A consolation for Mourino’s opposite number, Roberto Mancini, was the assurance that such an outcome will not mean dismissal any time soon. City’s Abu Dhabi owners have more patience than Chelsea’s Roman Abramovich but they will expect Mancini to win the Premier League for them again, at the least.

Mancini entrusted pursuit of the near-impossible to Edin Dzeko. The Bosnian has been mostly as a substitute this season but this time he started up front alongside Sergio Aguero with Carlos Tevez on the subs’ bench and Mario Balotelli absent from the squad entirely.

Mancini has confused his own defenders this season with a three-man defence and now he changed his mind again. This time he named five defenders in a curious line-up which saw Samir Nasri partnering Yaya Toure in the heart of midfield with Aleksandar Kolorov and Maicon as the wing-backs.

Not that it made any immediate difference. Inside 10 minutes all City’s defenders stood still, waiting for someone else to take responsibility, as Karim Benzema sneaked in behind them all to put Madrid into the lead.

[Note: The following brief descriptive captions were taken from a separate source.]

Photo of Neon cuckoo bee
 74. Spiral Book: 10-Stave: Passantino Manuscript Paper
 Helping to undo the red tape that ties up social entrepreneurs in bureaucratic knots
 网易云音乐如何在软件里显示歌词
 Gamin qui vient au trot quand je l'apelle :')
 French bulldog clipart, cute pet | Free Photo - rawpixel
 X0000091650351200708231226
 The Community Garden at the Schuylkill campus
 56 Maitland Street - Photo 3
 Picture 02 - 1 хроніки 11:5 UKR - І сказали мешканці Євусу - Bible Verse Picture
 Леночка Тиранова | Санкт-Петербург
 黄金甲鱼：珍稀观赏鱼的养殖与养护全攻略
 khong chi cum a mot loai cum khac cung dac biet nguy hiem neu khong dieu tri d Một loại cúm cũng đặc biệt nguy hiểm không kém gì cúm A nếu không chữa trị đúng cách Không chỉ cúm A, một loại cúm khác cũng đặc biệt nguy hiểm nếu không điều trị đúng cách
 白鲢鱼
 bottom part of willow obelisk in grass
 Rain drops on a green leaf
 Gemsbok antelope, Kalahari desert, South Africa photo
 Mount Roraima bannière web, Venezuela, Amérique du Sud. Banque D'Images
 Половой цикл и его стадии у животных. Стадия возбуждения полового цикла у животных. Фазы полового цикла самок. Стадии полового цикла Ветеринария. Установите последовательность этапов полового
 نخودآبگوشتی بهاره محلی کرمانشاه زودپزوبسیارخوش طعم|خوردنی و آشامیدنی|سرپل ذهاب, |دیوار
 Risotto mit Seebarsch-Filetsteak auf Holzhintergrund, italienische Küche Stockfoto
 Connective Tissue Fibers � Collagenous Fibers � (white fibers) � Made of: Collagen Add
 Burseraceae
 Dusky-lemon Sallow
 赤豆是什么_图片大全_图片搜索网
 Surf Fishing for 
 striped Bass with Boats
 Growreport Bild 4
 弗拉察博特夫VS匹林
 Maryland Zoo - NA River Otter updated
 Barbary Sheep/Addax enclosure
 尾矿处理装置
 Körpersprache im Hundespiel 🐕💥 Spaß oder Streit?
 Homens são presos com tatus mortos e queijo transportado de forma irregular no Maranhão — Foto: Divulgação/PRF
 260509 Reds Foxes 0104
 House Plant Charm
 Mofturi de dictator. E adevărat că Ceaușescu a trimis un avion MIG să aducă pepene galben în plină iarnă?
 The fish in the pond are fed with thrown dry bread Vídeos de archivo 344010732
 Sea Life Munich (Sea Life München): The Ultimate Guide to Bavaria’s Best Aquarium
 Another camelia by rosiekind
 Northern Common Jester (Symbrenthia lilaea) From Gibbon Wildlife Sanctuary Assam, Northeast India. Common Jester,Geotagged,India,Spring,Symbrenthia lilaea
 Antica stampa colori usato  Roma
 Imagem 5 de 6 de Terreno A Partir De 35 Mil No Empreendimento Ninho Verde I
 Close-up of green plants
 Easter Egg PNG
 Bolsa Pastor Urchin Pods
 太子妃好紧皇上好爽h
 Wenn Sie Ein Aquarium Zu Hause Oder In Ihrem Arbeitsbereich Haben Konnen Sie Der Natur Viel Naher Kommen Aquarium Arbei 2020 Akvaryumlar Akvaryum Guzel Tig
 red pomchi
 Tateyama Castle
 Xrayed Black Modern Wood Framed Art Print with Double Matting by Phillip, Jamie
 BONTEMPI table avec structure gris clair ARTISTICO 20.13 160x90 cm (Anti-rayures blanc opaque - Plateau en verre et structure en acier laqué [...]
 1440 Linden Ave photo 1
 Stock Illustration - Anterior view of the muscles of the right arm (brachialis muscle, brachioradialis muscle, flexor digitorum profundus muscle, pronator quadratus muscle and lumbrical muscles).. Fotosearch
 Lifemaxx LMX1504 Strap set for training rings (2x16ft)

The Spanish champions could been have four goals clear at the interval. Sami Khedira might have scored a hat-trick inside the opening 20 minutes before City reorganised their forces, went to a conventional four-man defence and began finding more space up to give Sergio Aguero the occasional attempt at goal.

City raised the pace of their game in the second half and deserved their penalty equaliser from Sergio Aguero. Madrid were reduced to 10 men by the expulsion of Alvaro Arbeloa but held on comparatively comfortably for the draw which took them into the knockout stage, behind Borussia Dortmund.